- **WORK INSTRUCTIONS**
When you reach the line that holds "Vintage 90s Byer", start copying exactly and keep going through the final line of the data, leaving out pictures.
==== RECORDED DATA ====
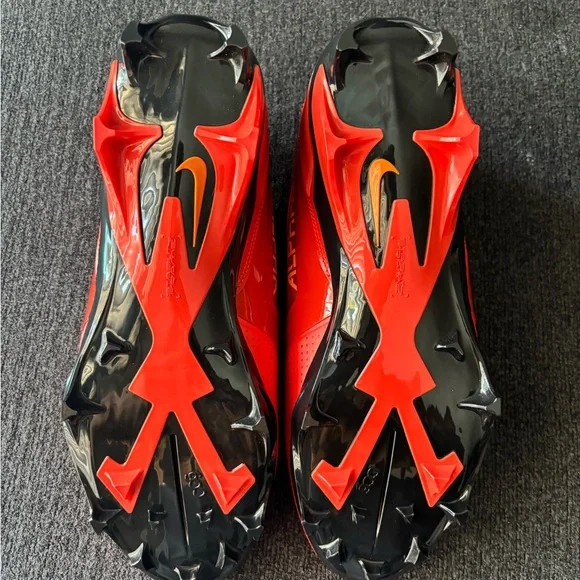 Nike Alpha Menace 4 Pro “Picante Black Red” Football Cleats Size 10.5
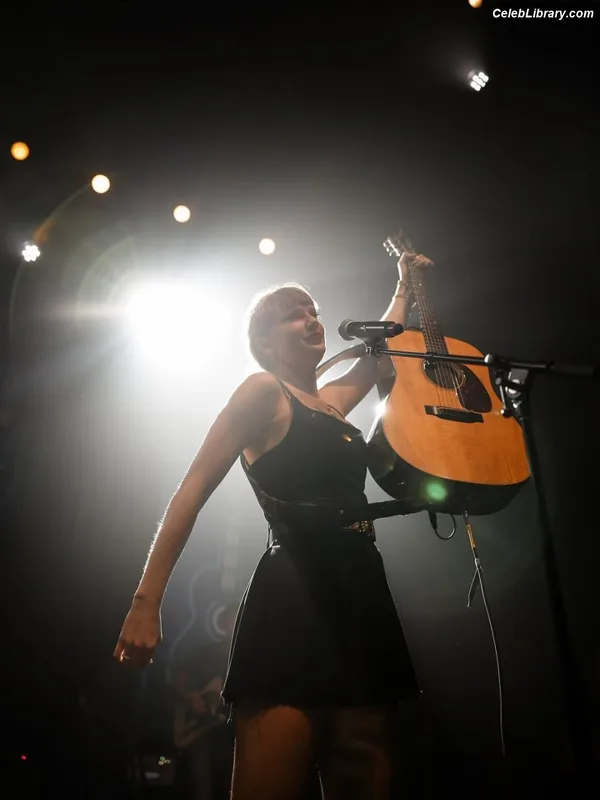 Taylor Swift photo 15 of 4190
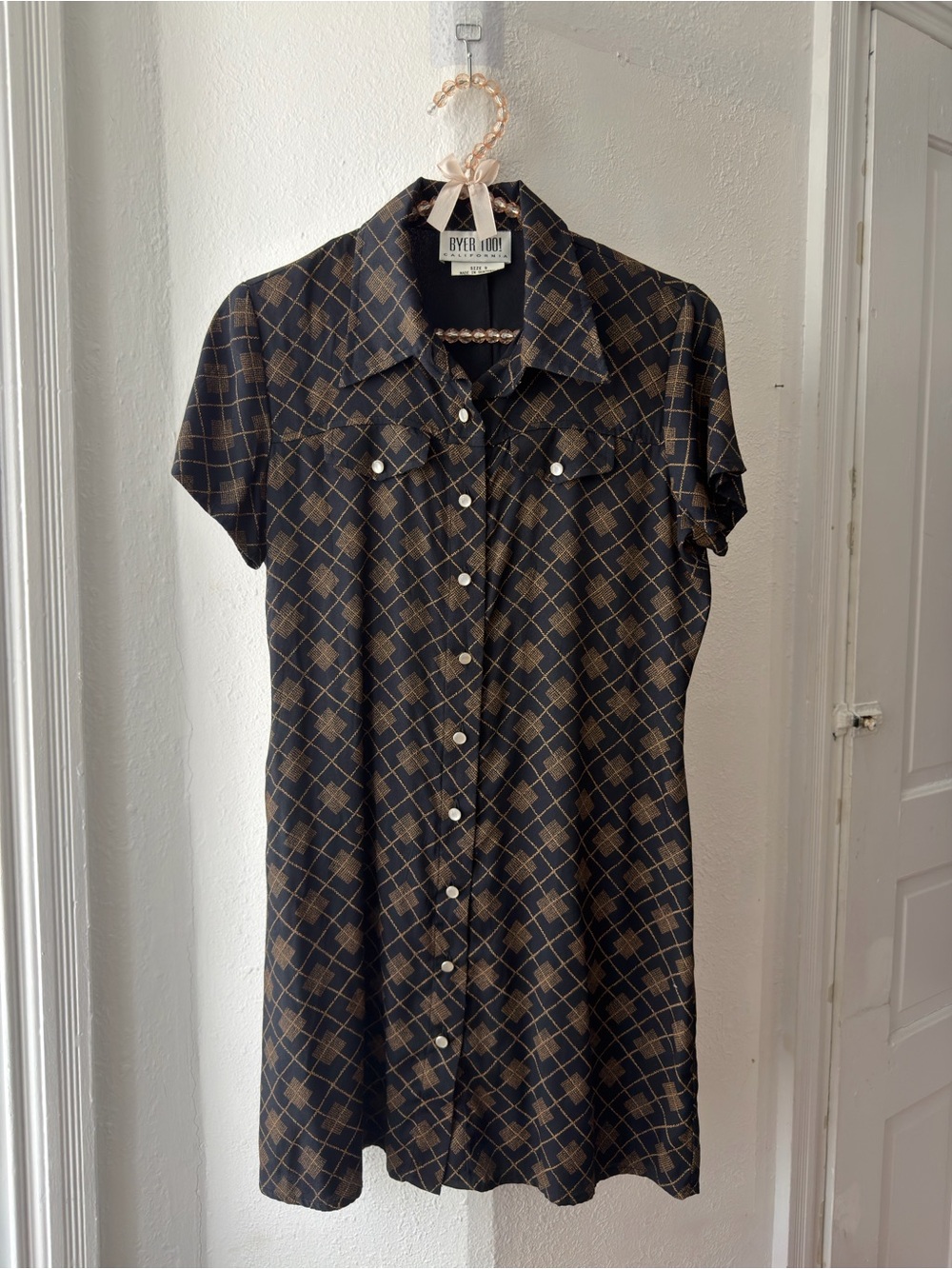 Vintage 90s Byer Too! Collared short sleeve snap pearl button grunge dress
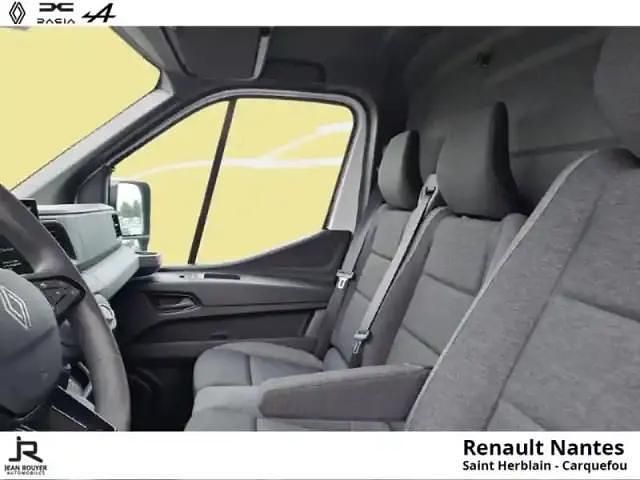 Occasion Renault Master 2024 Blanc minéral Berline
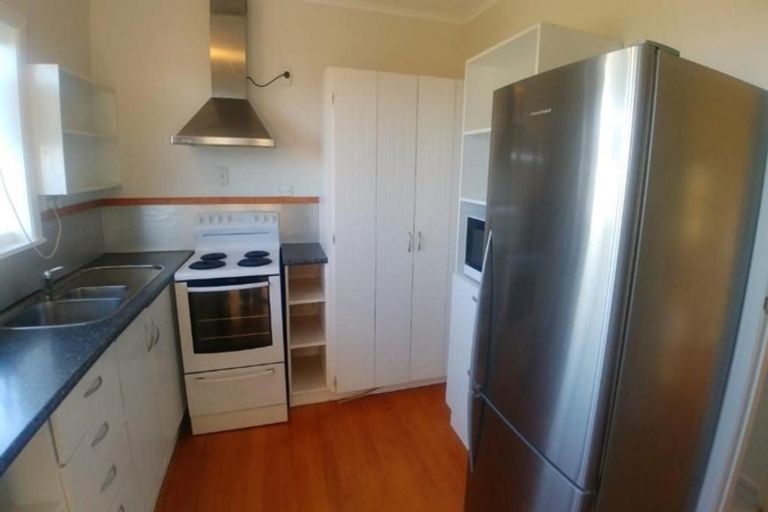 Photo of property in 11 Colonial Road, Chatswood, Auckland, 0626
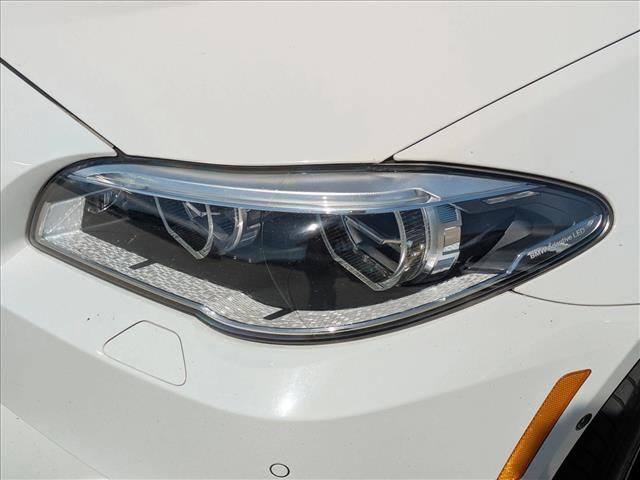 Used 2016 BMW M5 RWD image 9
====
- **RESULT OF THIS EXERCISE**
 Vintage 90s Byer Too! Collared short sleeve snap pearl button grunge dress
 Occasion Renault Master 2024 Blanc minéral Berline
 Photo of property in 11 Colonial Road, Chatswood, Auckland, 0626
 Used 2016 BMW M5 RWD image 9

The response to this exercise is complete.